E-mail: longfei436@163.com

*Corresponding Author

Received 15 June 2021; Accepted 15 July 2021; Publication 15 October 2021

Abstract

In order to improve the electrical quality disturbance recognition ability of the neural network, this paper studies a depth learning-based power quality disturbance recognition and classification method: constructing a power quality perturbation model, generating training set; construct depth neural network; profit training set to depth neural network training; verify the performance of the depth neural network; the results show that the training set is randomly added 20DB-50DB noise, even in the most serious 20dB noise conditions, it can reach more than 99% identification, this is a tradition. The method is impossible to implement. Conclusion: the deepest learning-based power quality disturbance identification and classification method overcomes the disadvantage of the selection steps of artificial characteristics, poor robustness, which is beneficial to more accurately and quickly discover the category of power quality issues.

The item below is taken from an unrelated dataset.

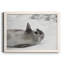 Laughing Seal - photographie encadrée sur toile-1929544634-1929544639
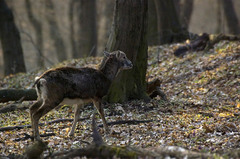Muflon lesný /Ovis Musimon/ - s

Keywords: Power quality disturbance, deep learning, convolutional neural network.

1 Introduction

In recent years, the power quality problem increasingly prominent, and caused widespread power supply department and the general electric power users to study factors which influence the power quality, power quality decline in all sorts of problems, and realize effective classification of these problems, was very necessary to finally solve the problem of power quality and also has great realistic significance.In actual production and life, even the very short disturbance of power quality may accidentally cause inconvenience to life, production stagnation or even high recovery cost. The classification of power quality disturbance has become an important basic research topic in the field of power research in view of many unstable problems caused by it to the system and network.

In view of the serious impact of power quality decline on production and life and the wide variety of power quality phenomena, it is necessary to capture and screen power quality disturbance phenomena quickly and accurately according to the above classification method.At the same time, combined with the simulation of power quality disturbance events, a large number of data samples are generated, which lays a foundation for the in-depth study of machine learning and deep learning in the classification of power quality disturbance.

The traditional power quality analysis method includes two steps, first of all, through fourier transform, short-time fourier transform, wavelet transform, dq transform, S transform, such as digital signal processing method, characteristics of power quality disturbance are extracted, and then by artificial neural network and support vector machines, decision tree method to classify power quality disturbances. In this paper, the deep learning-based power quality disturbance identification and classification method combines the traditional method of signal analysis, feature selection and classifier construction into one, and solves the three problems through the training of deep neural network.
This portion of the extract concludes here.